**Short descriptive text snippets:**

--- START ---

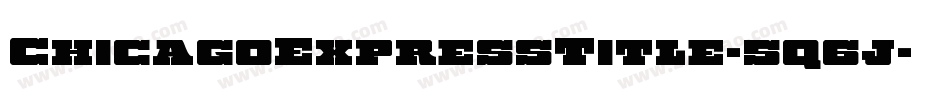 ChicagoExpressTitle-5q6j字体转换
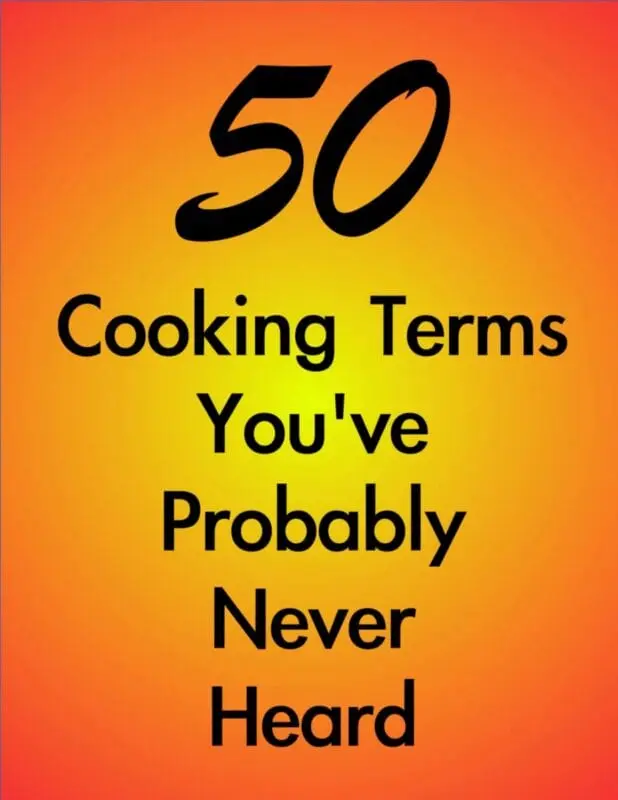 Culinary terms that will take you to an advanced level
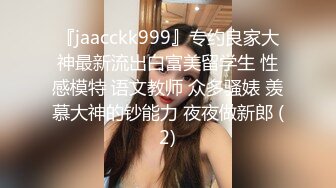 『jaacckk999』专约良家大神最新流出白富美留学生 性感模特 语文教师 众多骚婊 羡慕大神的钞能力 夜夜做新郎 (2)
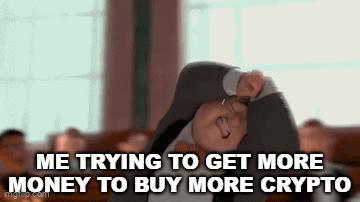 Me trying to get more money to buy Crypto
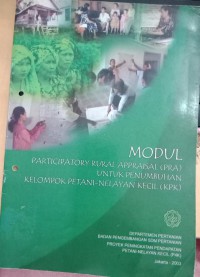 Modul: Participatory Rural Appraisal (PRA) Untuk Penumbuhan Kelompok Petani-Nelayan Kecil (KPK)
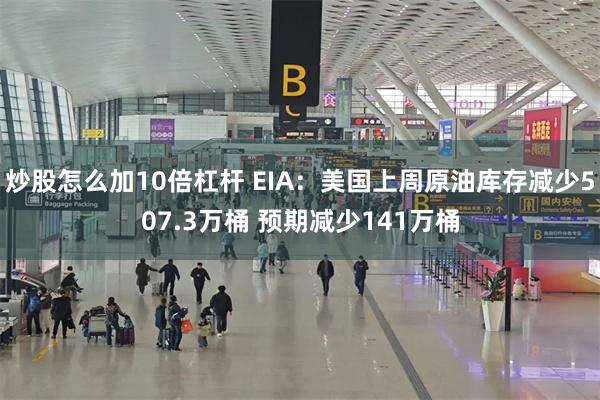 炒股怎么加10倍杠杆 EIA：美国上周原油库存减少507.3万桶 预期减少141万桶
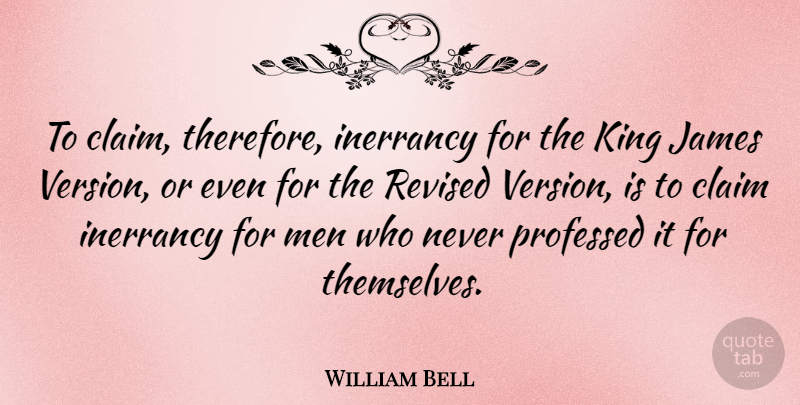William Bell Quote About Kings, Men, Claims: To Claim Therefore Inerrancy For...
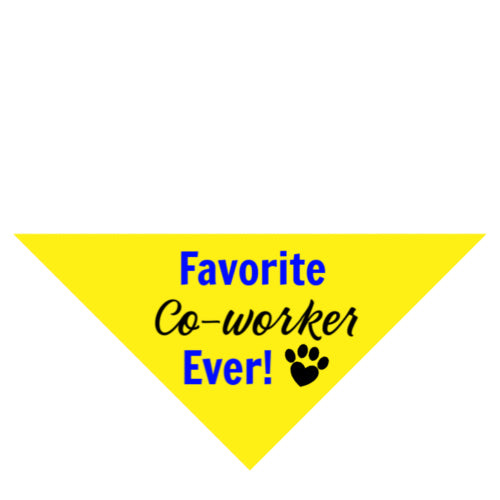Favorite Co-worker Ever!- Web Exclusive!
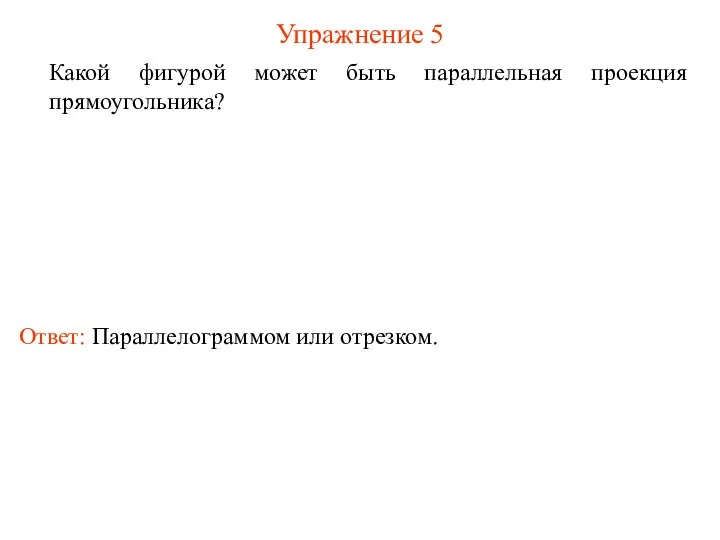 Упражнение 5 Какой фигурой может быть параллельная проекция прямоугольника? Ответ: Параллелограммом или отрезком.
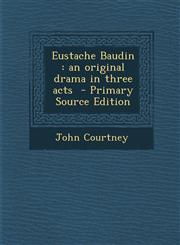 Eustache Baudin An Original Drama in Three Acts,1289797935,9781289797935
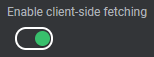 Enable client-side fetching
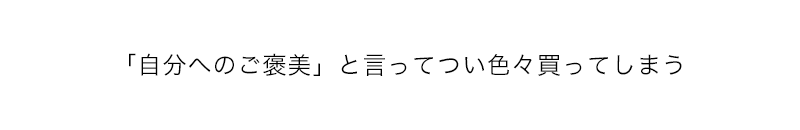 「自分へのご褒美」と言ってつい色々買ってしまう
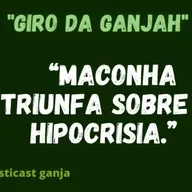 Giro da Ganjah - 01 de junho de 2022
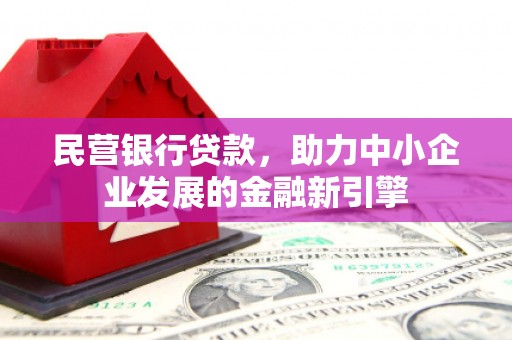 怀化民营银行贷款，助力中小企业发展的金融新引擎
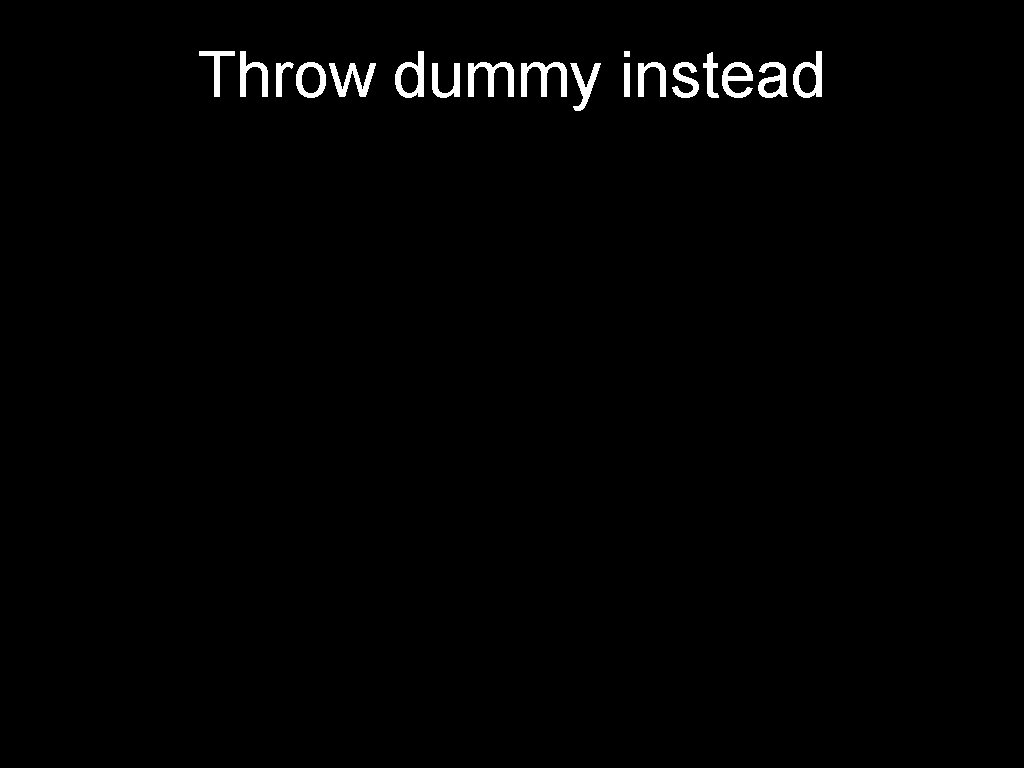 Throw dummy instead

--- END ---

**PROBLEM TO WORK ON:** Please quote the records above exactly, beginning at the line that contains "羡慕大神的钞能力 夜夜做新郎 (2)" and ending at their last line. Leave the pictures out.

**RESPONSE BOX:**
 『jaacckk999』专约良家大神最新流出白富美留学生 性感模特 语文教师 众多骚婊 羡慕大神的钞能力 夜夜做新郎 (2)
 Me trying to get more money to buy Crypto
 Modul: Participatory Rural Appraisal (PRA) Untuk Penumbuhan Kelompok Petani-Nelayan Kecil (KPK)
 炒股怎么加10倍杠杆 EIA：美国上周原油库存减少507.3万桶 预期减少141万桶
William Bell Quote About Kings, Men, Claims: To Claim Therefore Inerrancy For...
Favorite Co-worker Ever!- Web Exclusive!
 Упражнение 5 Какой фигурой может быть параллельная проекция прямоугольника? Ответ: Параллелограммом или отрезком.
 Eustache Baudin An Original Drama in Three Acts,1289797935,9781289797935
 Enable client-side fetching
 「自分へのご褒美」と言ってつい色々買ってしまう
 Giro da Ganjah - 01 de junho de 2022
 怀化民营银行贷款，助力中小企业发展的金融新引擎
 Throw dummy instead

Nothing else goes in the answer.